My day definitely includes a nap. I can remember when I was a little kid my parents telling me, “Someday people will try to tell you that being a grown-up means smoking cigarettes or drinking alcohol, but the real way you’ll know you’re a grown-up is when you want to take naps.” And they’re absolutely right. I love a nap: It feels like the most self-indulgent thing in the world to say, “My time is mine to do with what I please, and what I’m going to choose to do with my time is spend an hour unconscious.”

Alex Levin, who was my college roommate, is a pastry chef for a restaurant group in town that includes The Riggsby and Alta Strada and Tico. I’ll probably go to one of his restaurants with friends and eat one of his delicious desserts. It’s an early dinner because I’m going to go to the theater.

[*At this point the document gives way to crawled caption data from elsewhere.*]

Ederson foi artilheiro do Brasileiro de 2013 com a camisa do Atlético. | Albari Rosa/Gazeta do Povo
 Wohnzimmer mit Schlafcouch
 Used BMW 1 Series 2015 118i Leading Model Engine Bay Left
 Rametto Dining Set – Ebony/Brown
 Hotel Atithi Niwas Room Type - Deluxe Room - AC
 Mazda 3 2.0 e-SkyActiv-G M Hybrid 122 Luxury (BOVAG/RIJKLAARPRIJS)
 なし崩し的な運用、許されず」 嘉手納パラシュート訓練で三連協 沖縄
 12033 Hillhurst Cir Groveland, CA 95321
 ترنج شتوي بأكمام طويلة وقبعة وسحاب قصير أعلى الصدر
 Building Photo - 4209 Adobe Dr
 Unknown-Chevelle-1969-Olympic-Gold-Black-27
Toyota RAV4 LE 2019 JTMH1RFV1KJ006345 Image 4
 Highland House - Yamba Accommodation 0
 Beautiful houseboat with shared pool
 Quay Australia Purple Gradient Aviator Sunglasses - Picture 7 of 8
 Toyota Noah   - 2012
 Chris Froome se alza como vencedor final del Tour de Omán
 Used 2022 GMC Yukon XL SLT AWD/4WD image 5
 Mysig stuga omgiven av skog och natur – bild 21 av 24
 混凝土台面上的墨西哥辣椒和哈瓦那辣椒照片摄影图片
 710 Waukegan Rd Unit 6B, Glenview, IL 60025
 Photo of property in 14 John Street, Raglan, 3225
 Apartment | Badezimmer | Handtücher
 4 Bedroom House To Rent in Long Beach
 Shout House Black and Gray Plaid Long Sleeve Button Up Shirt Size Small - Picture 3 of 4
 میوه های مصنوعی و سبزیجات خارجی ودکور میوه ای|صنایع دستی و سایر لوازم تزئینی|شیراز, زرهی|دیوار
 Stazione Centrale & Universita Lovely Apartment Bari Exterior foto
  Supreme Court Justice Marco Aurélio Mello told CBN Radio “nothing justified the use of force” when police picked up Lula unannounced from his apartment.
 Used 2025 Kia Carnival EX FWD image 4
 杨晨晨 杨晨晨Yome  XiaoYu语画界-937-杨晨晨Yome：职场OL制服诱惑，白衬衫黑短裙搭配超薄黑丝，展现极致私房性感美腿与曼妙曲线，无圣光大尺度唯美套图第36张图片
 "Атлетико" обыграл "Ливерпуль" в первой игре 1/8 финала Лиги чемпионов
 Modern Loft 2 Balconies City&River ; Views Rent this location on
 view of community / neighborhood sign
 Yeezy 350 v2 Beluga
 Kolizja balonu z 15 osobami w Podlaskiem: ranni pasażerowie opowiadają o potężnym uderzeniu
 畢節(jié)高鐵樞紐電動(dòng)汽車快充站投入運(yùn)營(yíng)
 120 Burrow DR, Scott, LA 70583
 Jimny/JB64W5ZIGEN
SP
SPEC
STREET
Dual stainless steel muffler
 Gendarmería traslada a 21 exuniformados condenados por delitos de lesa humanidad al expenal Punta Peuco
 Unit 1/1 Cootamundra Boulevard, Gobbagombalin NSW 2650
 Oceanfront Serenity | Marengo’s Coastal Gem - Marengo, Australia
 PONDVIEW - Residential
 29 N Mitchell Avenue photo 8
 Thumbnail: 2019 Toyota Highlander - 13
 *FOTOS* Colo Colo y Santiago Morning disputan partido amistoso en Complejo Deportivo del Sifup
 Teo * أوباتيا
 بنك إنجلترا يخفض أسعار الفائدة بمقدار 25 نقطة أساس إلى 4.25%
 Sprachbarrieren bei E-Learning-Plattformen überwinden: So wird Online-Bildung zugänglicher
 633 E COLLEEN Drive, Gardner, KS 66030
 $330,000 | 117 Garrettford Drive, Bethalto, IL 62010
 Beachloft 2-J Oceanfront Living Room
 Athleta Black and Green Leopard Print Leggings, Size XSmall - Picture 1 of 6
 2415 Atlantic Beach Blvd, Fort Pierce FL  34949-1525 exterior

I’ll see whatever looks great at Studio Theatre or Woolly Mammoth or Arena Stage or something like that. I like to be able to sample a few things each season at each of them.

And then late night on my way home I will meet a friend for a nightcap at Royal. It feels like a neighborhood bar: They have really good cocktails, it’s rarely overcrowded and they have some nice small bites. D.C. has so many great offerings all over the city, but on my ideal day I’m probably going to stay close to home. I like to spend my money at places in my backyard.